**Required work:**
Across the data below, how many lines have the word "Black" in them? Respond with the number alone.

**Dataset records:**
- Opening Delimiter -
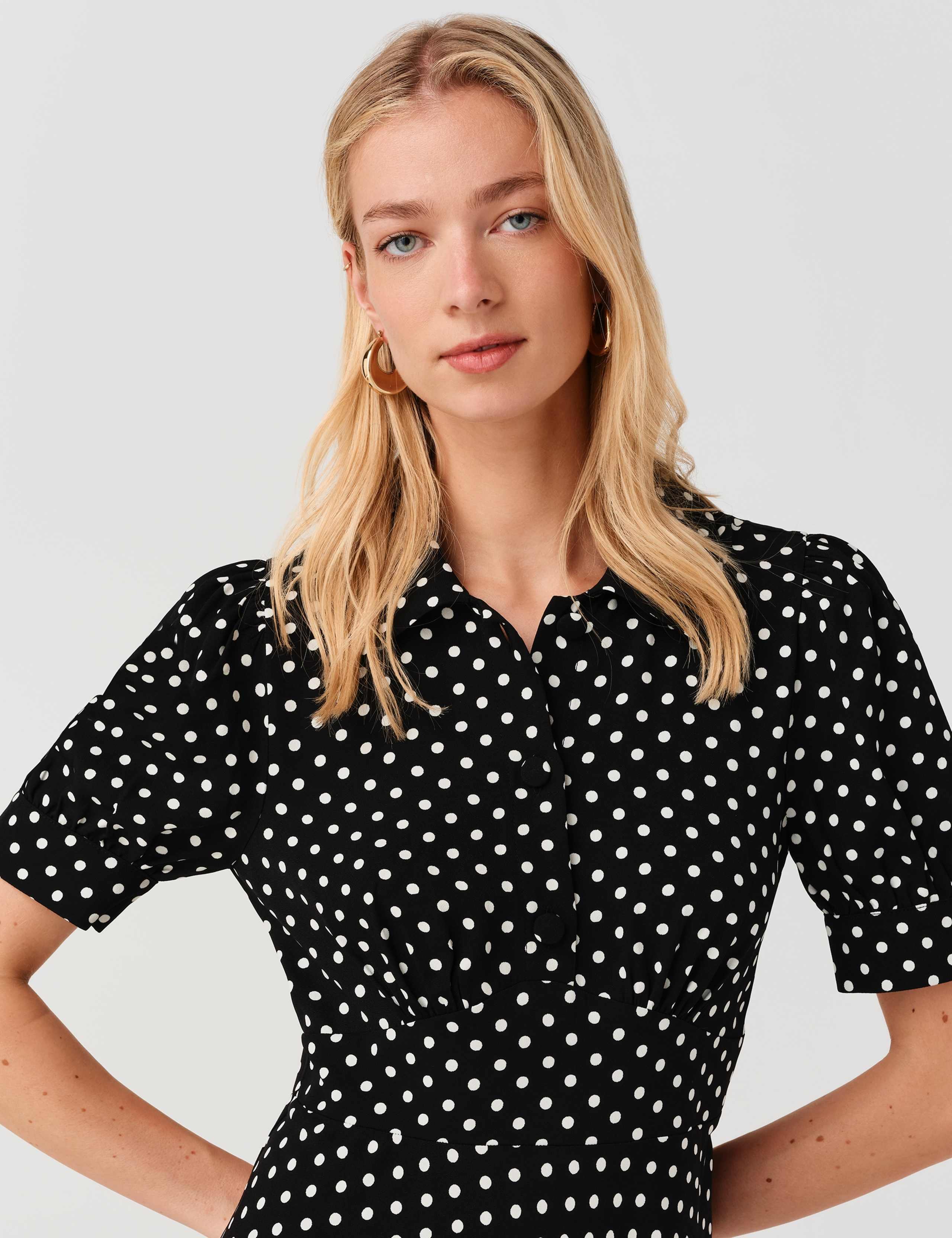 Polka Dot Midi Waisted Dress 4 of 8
- Closing Delimiter -
- Opening Delimiter -
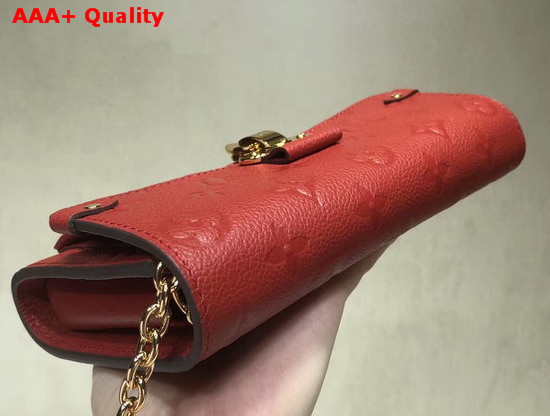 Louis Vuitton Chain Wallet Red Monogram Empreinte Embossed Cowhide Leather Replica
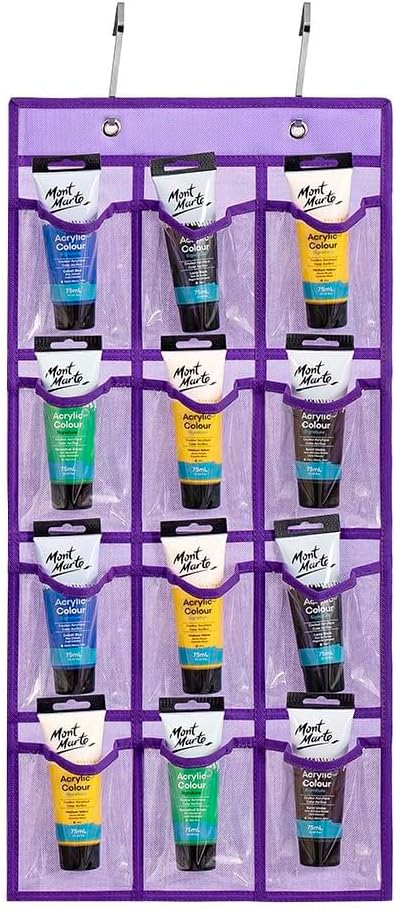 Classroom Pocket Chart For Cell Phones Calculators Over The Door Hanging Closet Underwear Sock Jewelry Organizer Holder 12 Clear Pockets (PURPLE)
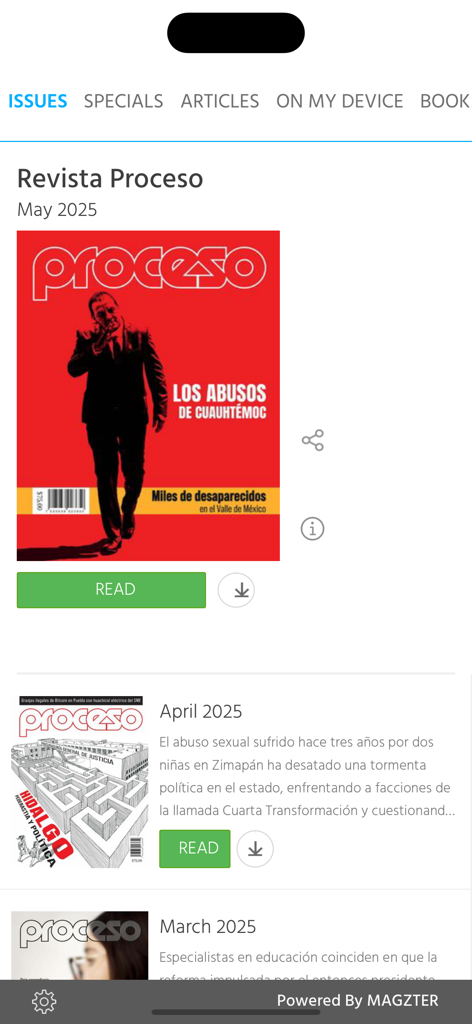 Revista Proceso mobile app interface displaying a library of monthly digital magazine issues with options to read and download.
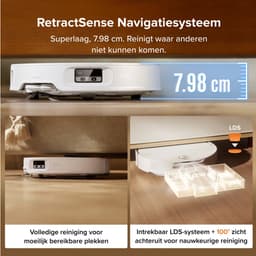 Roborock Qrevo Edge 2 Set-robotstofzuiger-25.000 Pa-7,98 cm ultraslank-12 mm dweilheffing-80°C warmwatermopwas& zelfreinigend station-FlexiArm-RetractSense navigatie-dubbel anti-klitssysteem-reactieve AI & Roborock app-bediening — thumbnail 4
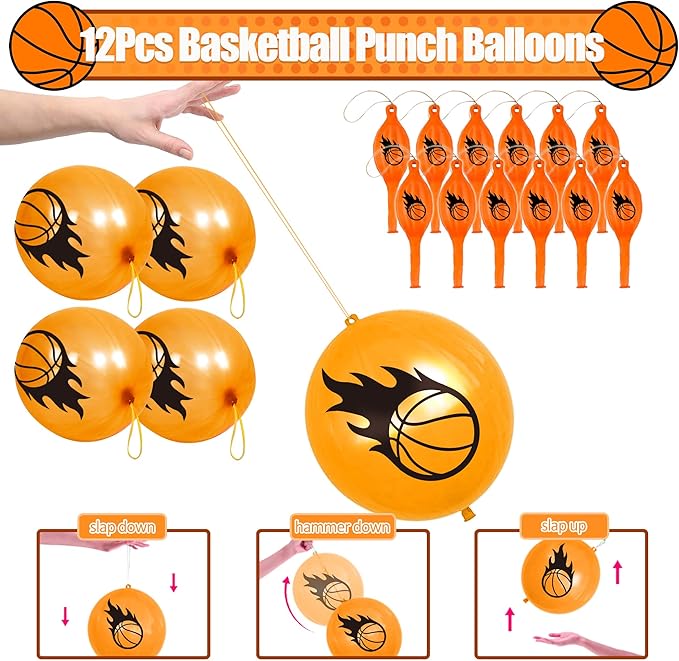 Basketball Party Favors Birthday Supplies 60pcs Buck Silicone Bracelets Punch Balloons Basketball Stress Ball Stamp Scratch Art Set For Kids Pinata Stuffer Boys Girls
- Closing Delimiter -
- Opening Delimiter -
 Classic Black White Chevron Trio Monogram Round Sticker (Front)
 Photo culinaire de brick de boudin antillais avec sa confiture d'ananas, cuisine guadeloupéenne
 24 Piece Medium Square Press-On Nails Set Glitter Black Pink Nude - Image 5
- Closing Delimiter -
**Finished task:**
2